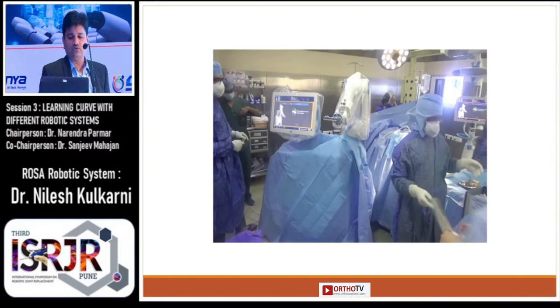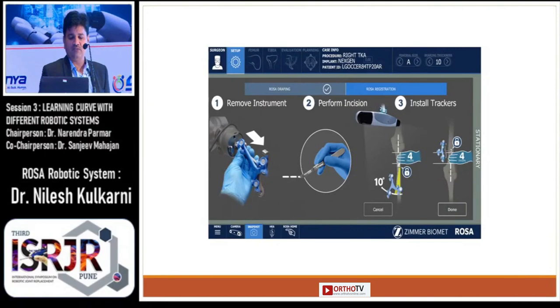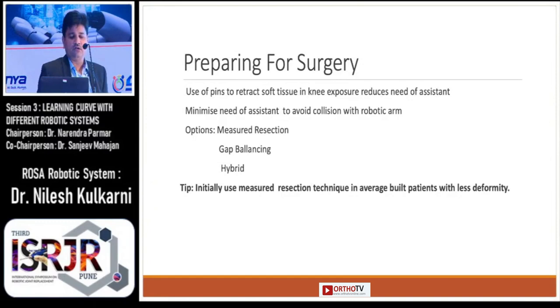You can see the ROSA is now ready for surgery. After doing the initial procedures, you can perform the incision and put the trackers. As Dr. Narendra Vajja has shown, use of pins to retract the soft tissues reduces the need of assistance, and reducing the need of assistance avoids collisions that affect the robotic arm.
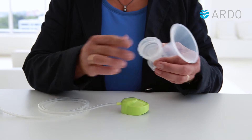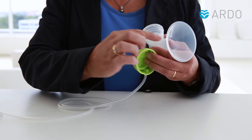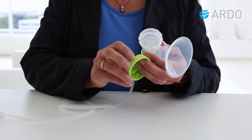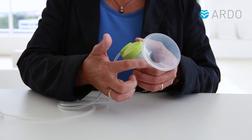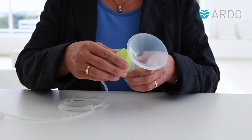When attaching the green lid, position the line markings on the cap and the breast shell so that they line up. Then gently turn the cap approximately half a centimetre to the right.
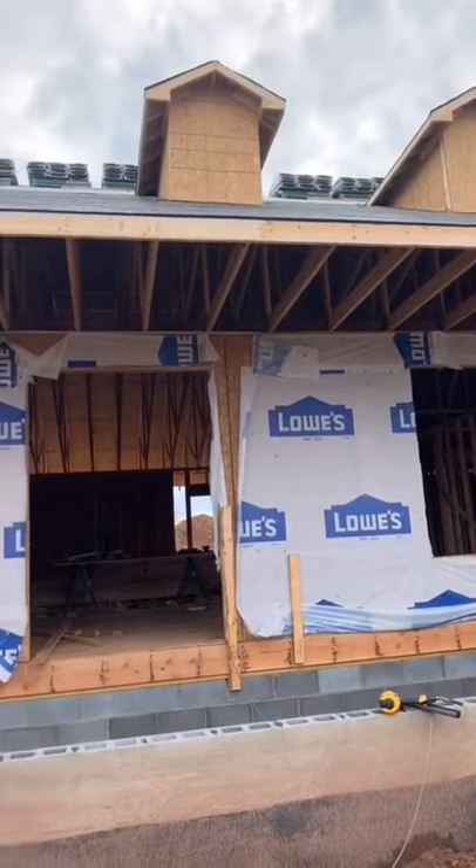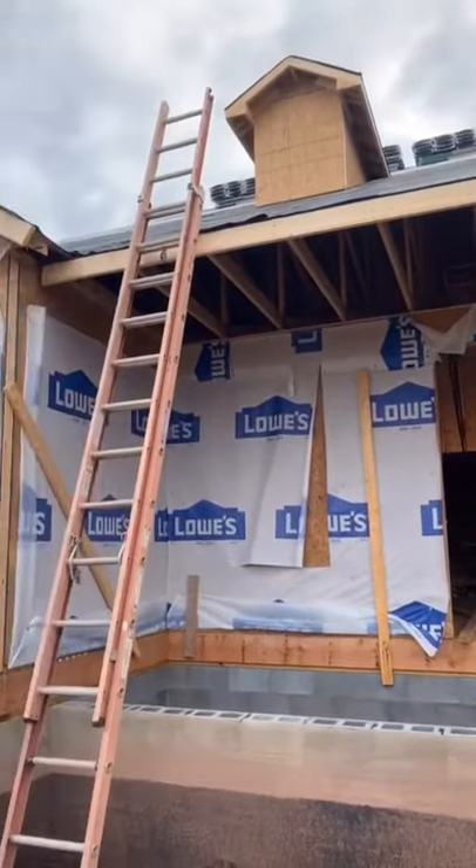Now your fascia board install is complete and you did it by yourself. To learn more, tap on my profile and subscribe to my YouTube channel.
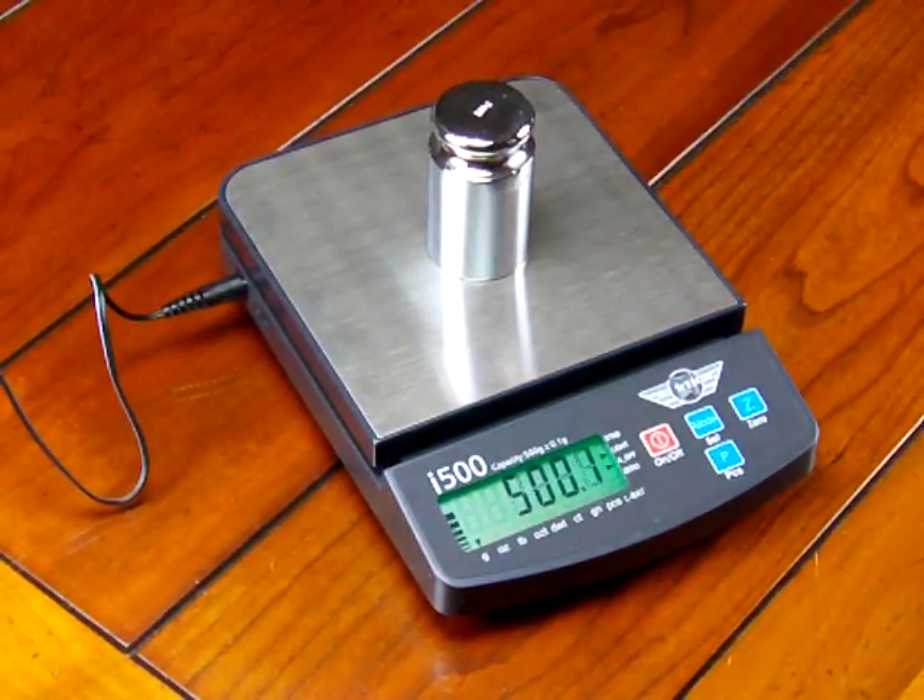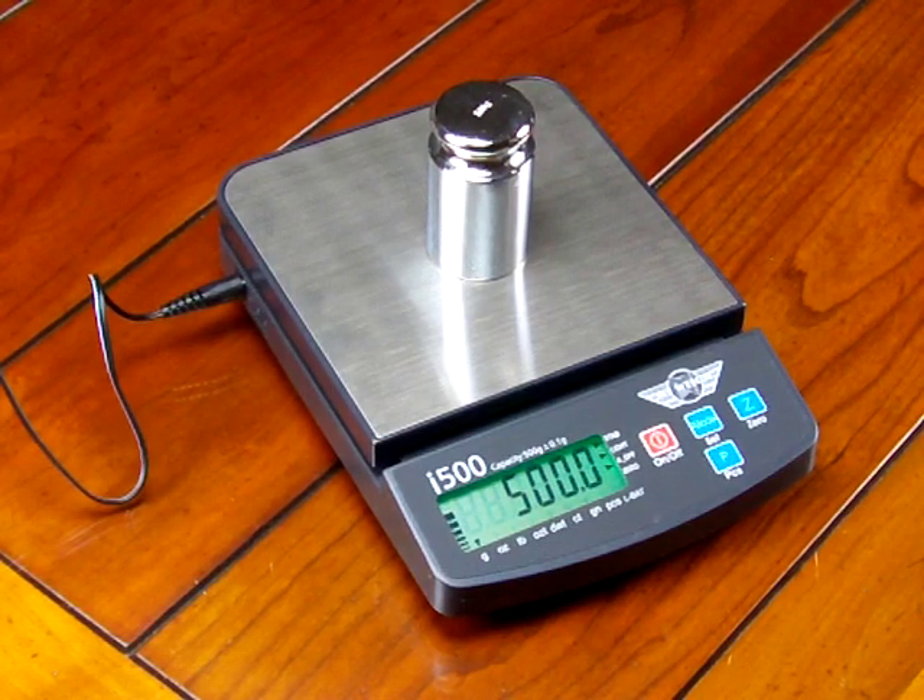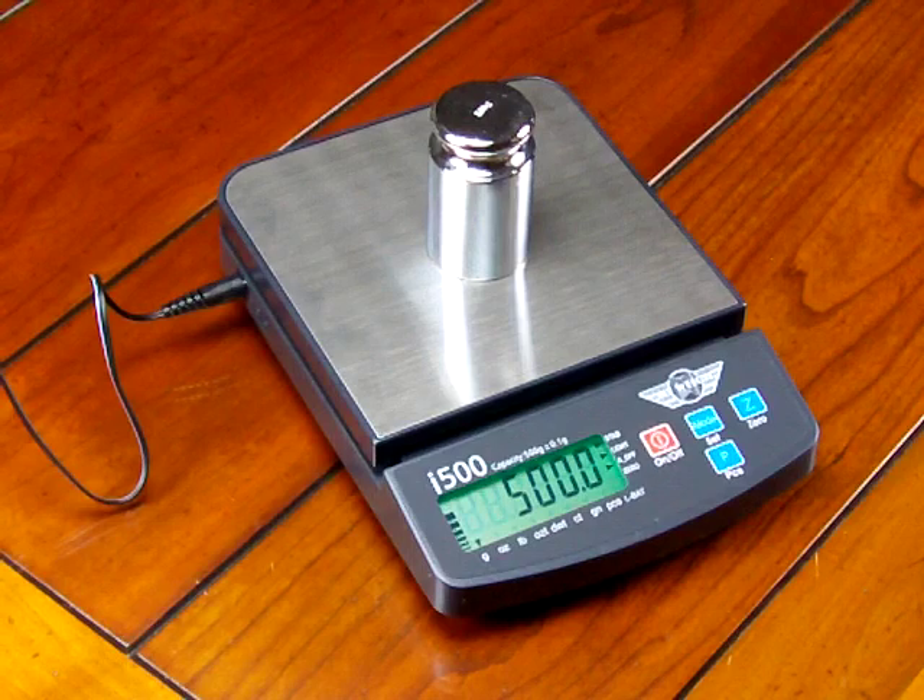We would highly recommend you purchase it. So that's our video on the MyWay i500 — this is a great balance. It's been on the market for a while and is extremely affordable. We highly recommend it for people looking to spend the least amount for accurate weighing results. Thank you, and visit our website balances.com or our new site scaleman.com.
== == ==
== Task instructions ==
Copy the listing exactly. No images belong in the copy.

== Solution to this problem ==
You can see the ROSA is now ready for surgery. After doing the initial procedures, you can perform the incision and put the trackers. As Dr. Narendra Vajja has shown, use of pins to retract the soft tissues reduces the need of assistance, and reducing the need of assistance avoids collisions that affect the robotic arm.
When attaching the green lid, position the line markings on the cap and the breast shell so that they line up. Then gently turn the cap approximately half a centimetre to the right.
Now your fascia board install is complete and you did it by yourself. To learn more, tap on my profile and subscribe to my YouTube channel.
We would highly recommend you purchase it. So that's our video on the MyWay i500 — this is a great balance. It's been on the market for a while and is extremely affordable. We highly recommend it for people looking to spend the least amount for accurate weighing results. Thank you, and visit our website balances.com or our new site scaleman.com.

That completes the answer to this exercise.